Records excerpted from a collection
□ □ □
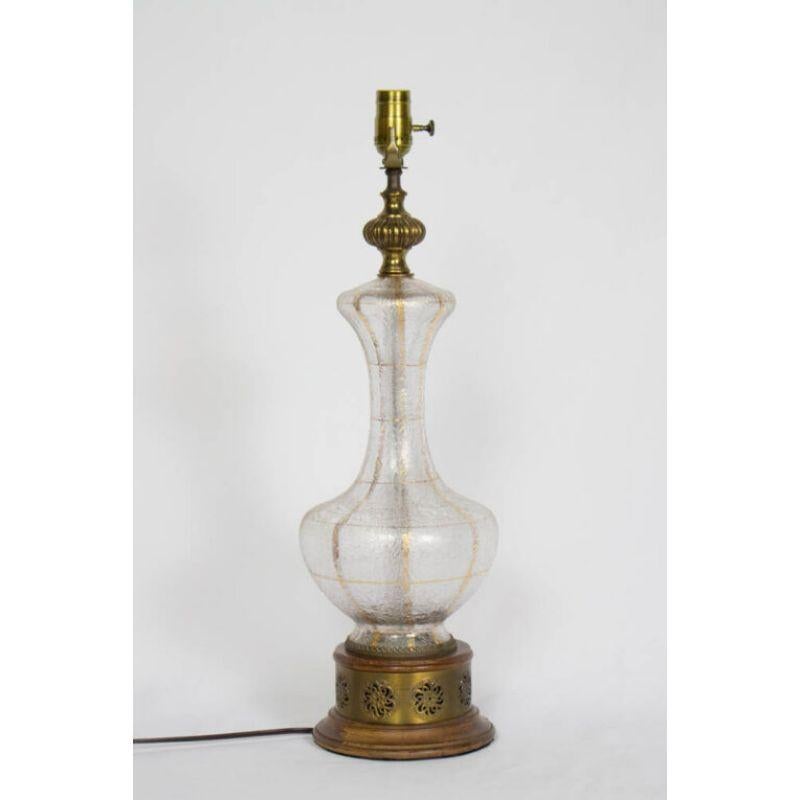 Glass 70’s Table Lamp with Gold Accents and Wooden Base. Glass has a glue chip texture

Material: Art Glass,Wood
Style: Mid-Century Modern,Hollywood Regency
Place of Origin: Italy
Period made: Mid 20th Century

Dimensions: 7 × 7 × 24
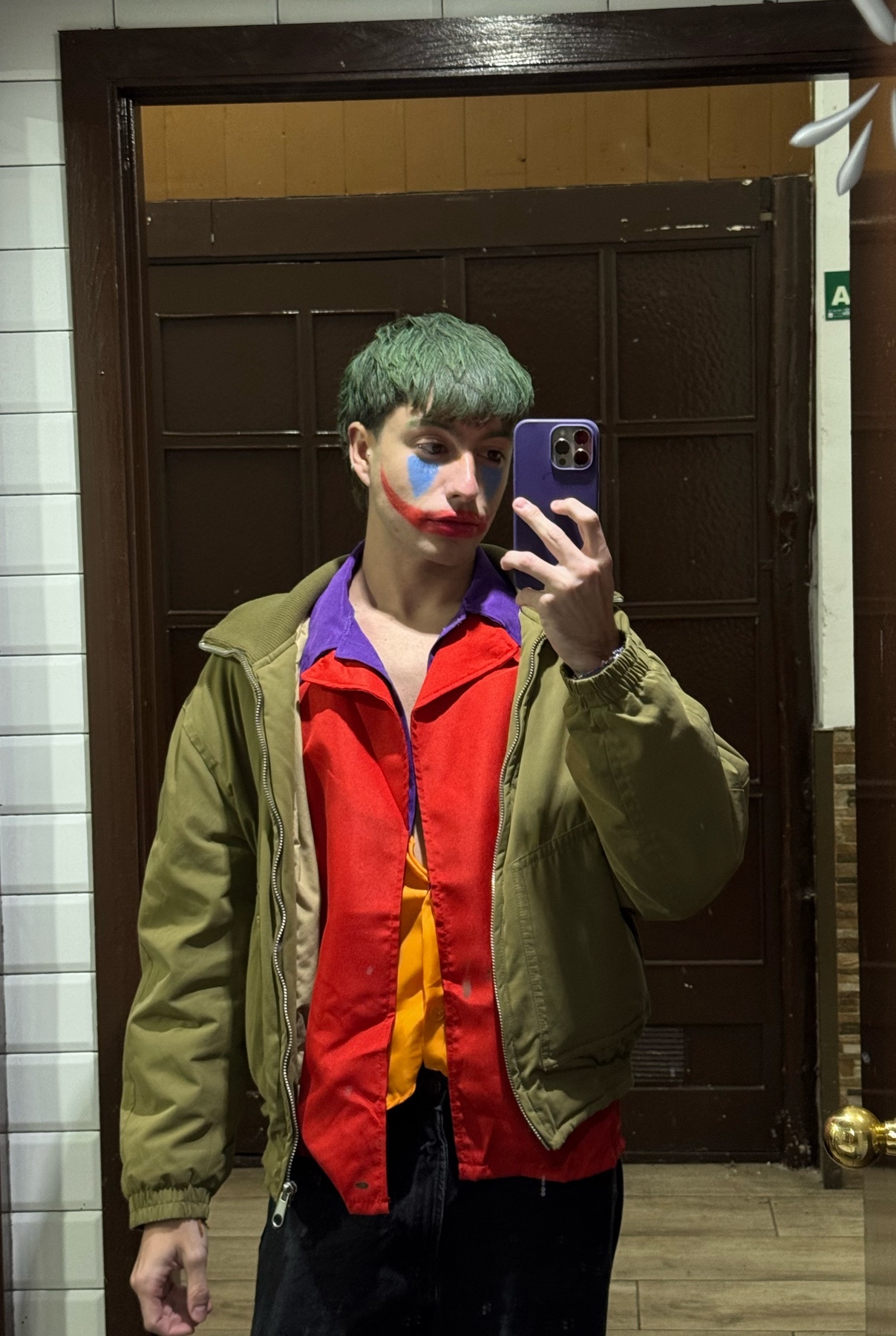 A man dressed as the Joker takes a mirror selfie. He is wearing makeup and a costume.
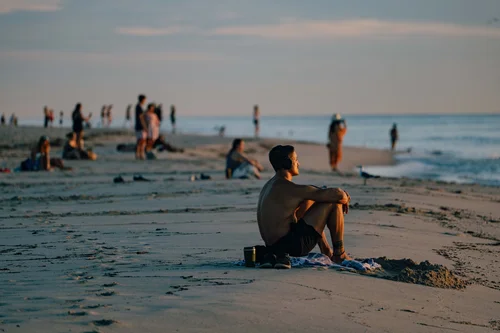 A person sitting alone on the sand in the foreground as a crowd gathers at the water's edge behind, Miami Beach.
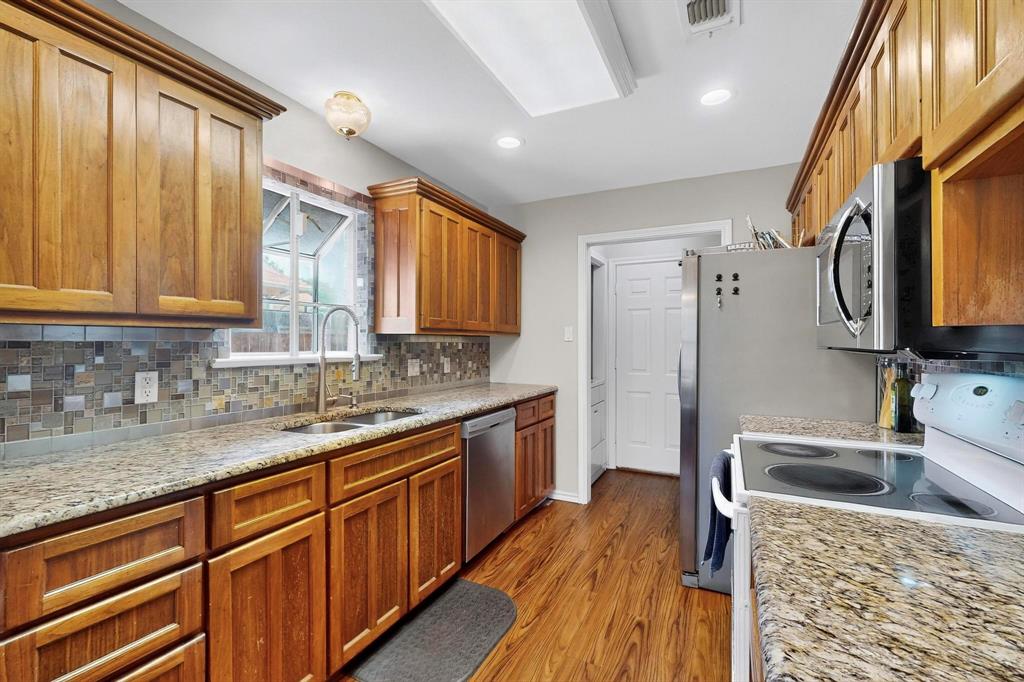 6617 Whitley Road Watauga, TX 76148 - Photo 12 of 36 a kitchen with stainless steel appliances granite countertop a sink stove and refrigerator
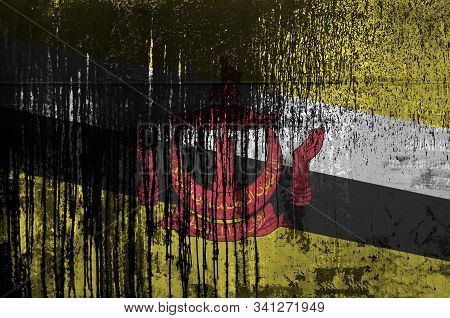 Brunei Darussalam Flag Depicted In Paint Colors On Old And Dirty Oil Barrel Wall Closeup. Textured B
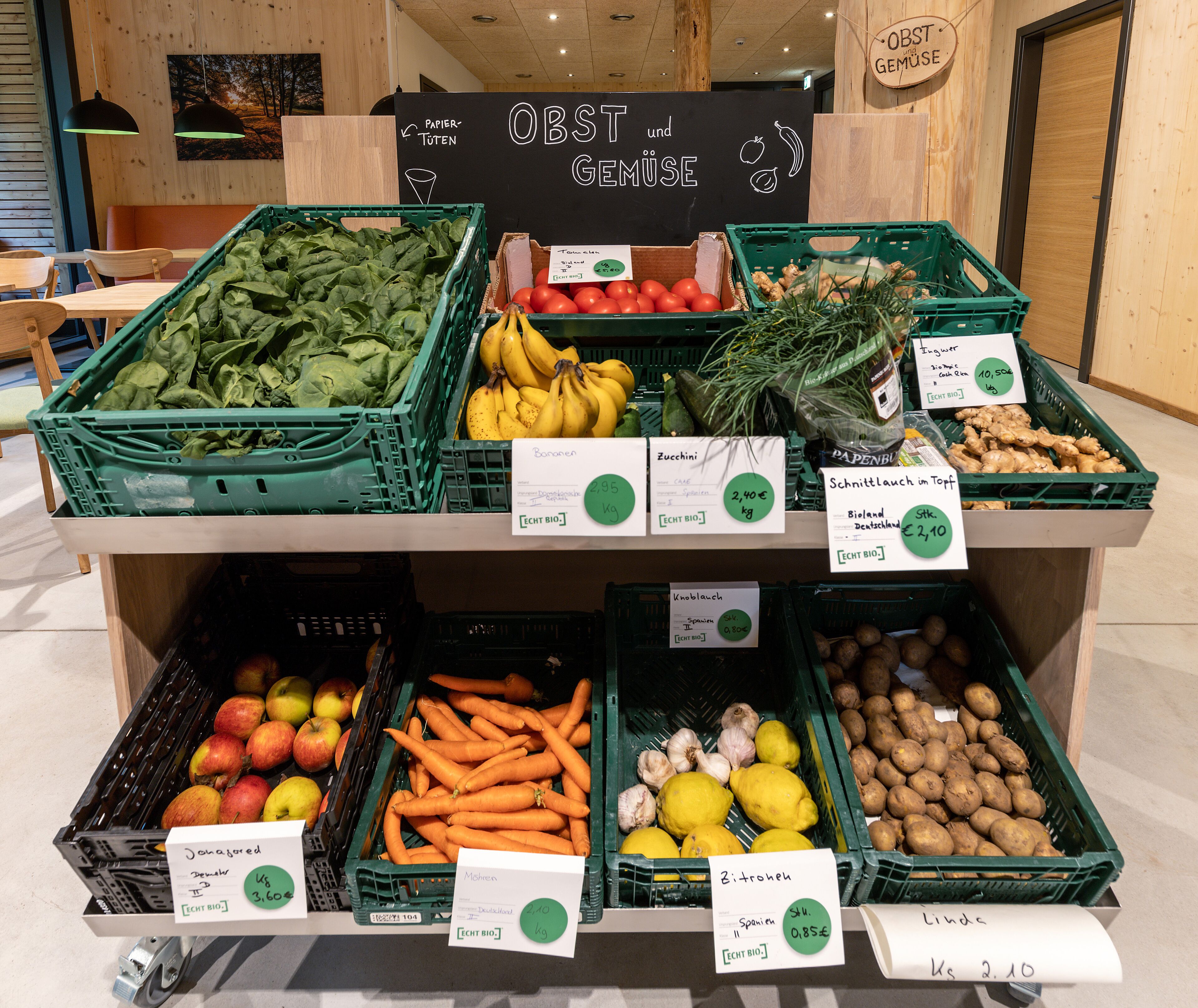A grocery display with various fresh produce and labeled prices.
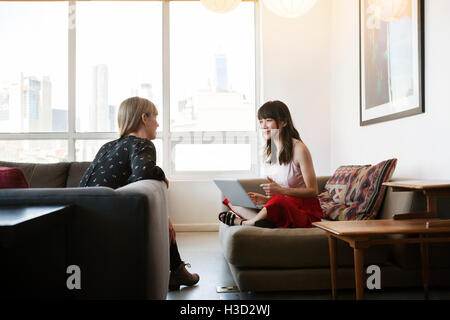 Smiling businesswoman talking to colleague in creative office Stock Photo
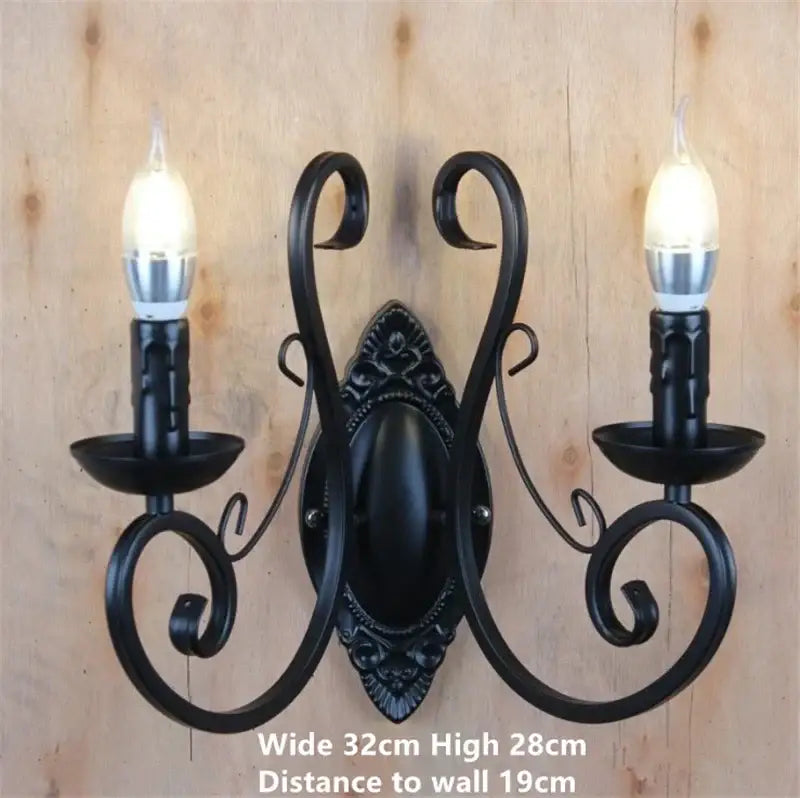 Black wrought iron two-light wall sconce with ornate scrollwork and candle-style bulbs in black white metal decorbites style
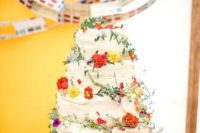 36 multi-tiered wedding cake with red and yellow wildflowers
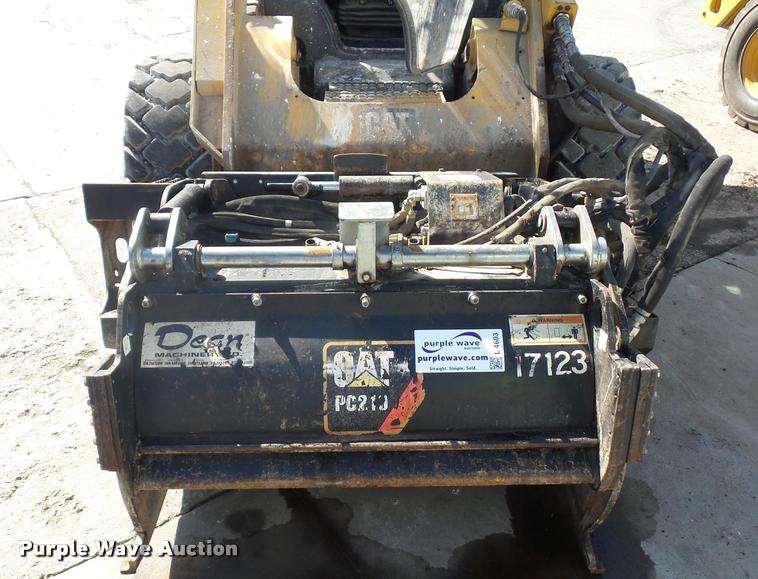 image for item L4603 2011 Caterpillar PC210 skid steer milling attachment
□ □ □
:: What the task requires ::
Reproduce each entry exactly as written, but leave out the images.

:: Answer space ::
 Glass 70’s Table Lamp with Gold Accents and Wooden Base. Glass has a glue chip texture

Material: Art Glass,Wood
Style: Mid-Century Modern,Hollywood Regency
Place of Origin: Italy
Period made: Mid 20th Century

Dimensions: 7 × 7 × 24
 A man dressed as the Joker takes a mirror selfie. He is wearing makeup and a costume.
 A person sitting alone on the sand in the foreground as a crowd gathers at the water's edge behind, Miami Beach.
 6617 Whitley Road Watauga, TX 76148 - Photo 12 of 36 a kitchen with stainless steel appliances granite countertop a sink stove and refrigerator
 Brunei Darussalam Flag Depicted In Paint Colors On Old And Dirty Oil Barrel Wall Closeup. Textured B
A grocery display with various fresh produce and labeled prices.
 Smiling businesswoman talking to colleague in creative office Stock Photo
 Black wrought iron two-light wall sconce with ornate scrollwork and candle-style bulbs in black white metal decorbites style
 36 multi-tiered wedding cake with red and yellow wildflowers
 image for item L4603 2011 Caterpillar PC210 skid steer milling attachment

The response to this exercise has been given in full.